__WHAT YOU NEED TO DO__.
Repeat verbatim each line from the line with "Kort Trenchcoat Med Høj Krave" to the end of the entries. Pictures do not belong in the copy.

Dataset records

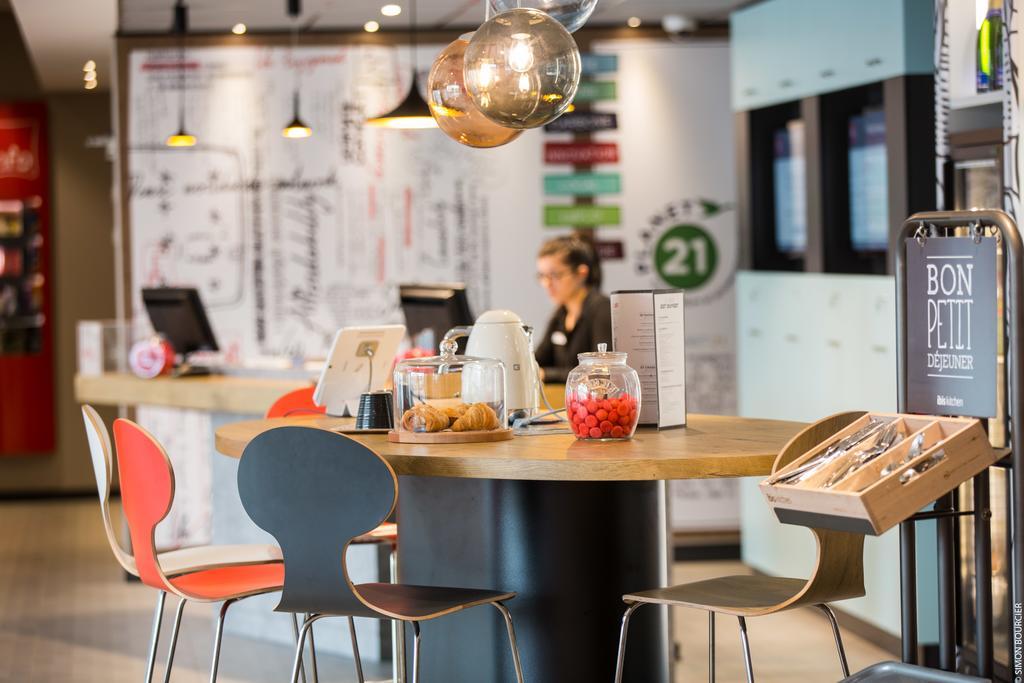 Hotel Ibis Rennes Centre Gare Sud Esterno foto
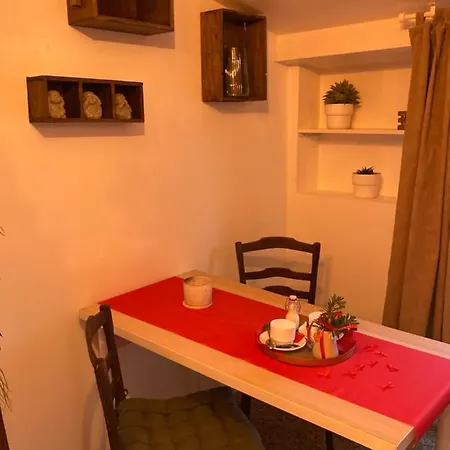L'intimite De L'o Guest house Merbes-le-Chateau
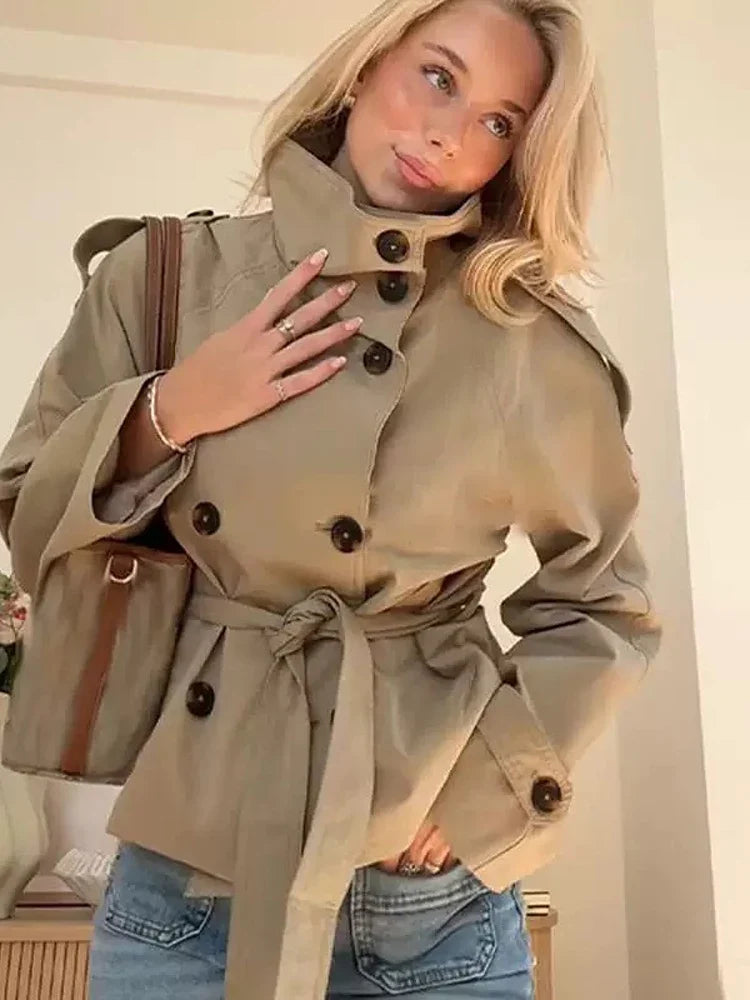 Kort Trenchcoat Med Høj Krave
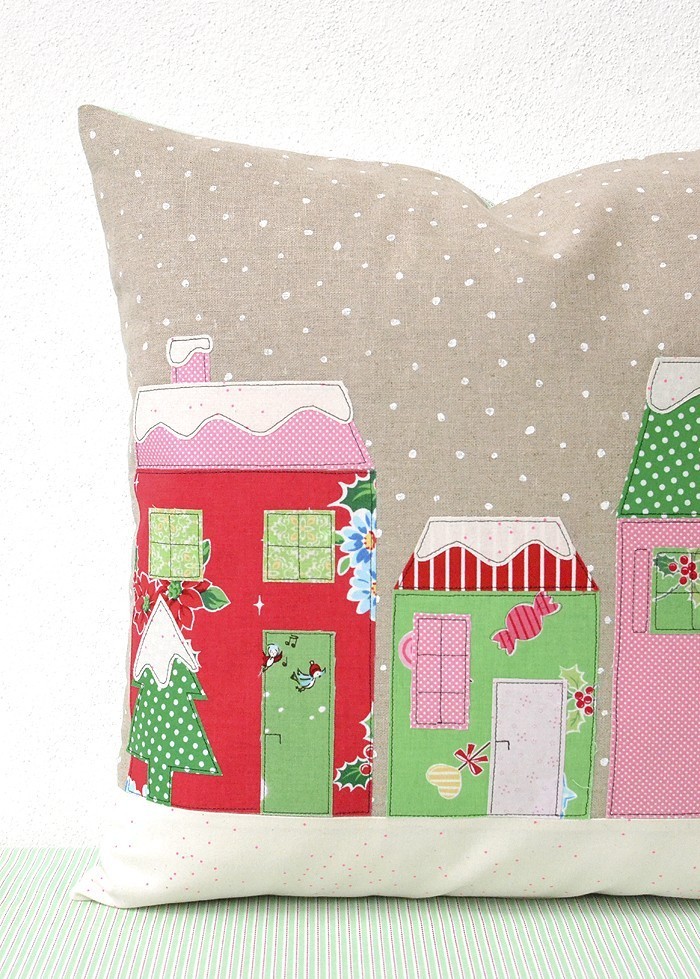 Christmas Applique Templates / Weihnchts Applikationsvoprlagen by Nadra Ridgeway of ellis & higgs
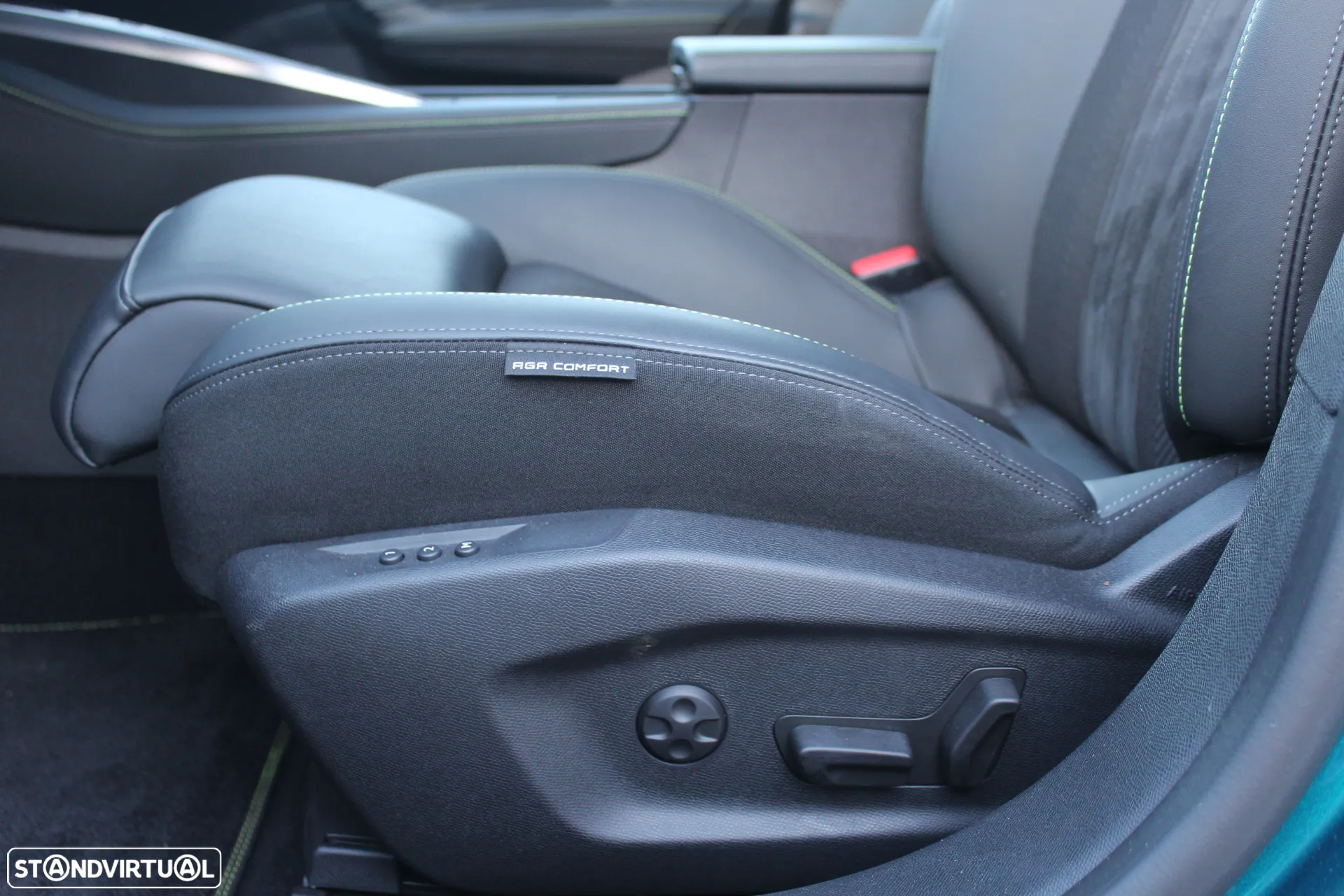 Peugeot 408 1.2 PureTech GT EAT8 - 17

__THE ANSWER__.
 Kort Trenchcoat Med Høj Krave
 Christmas Applique Templates / Weihnchts Applikationsvoprlagen by Nadra Ridgeway of ellis & higgs
 Peugeot 408 1.2 PureTech GT EAT8 - 17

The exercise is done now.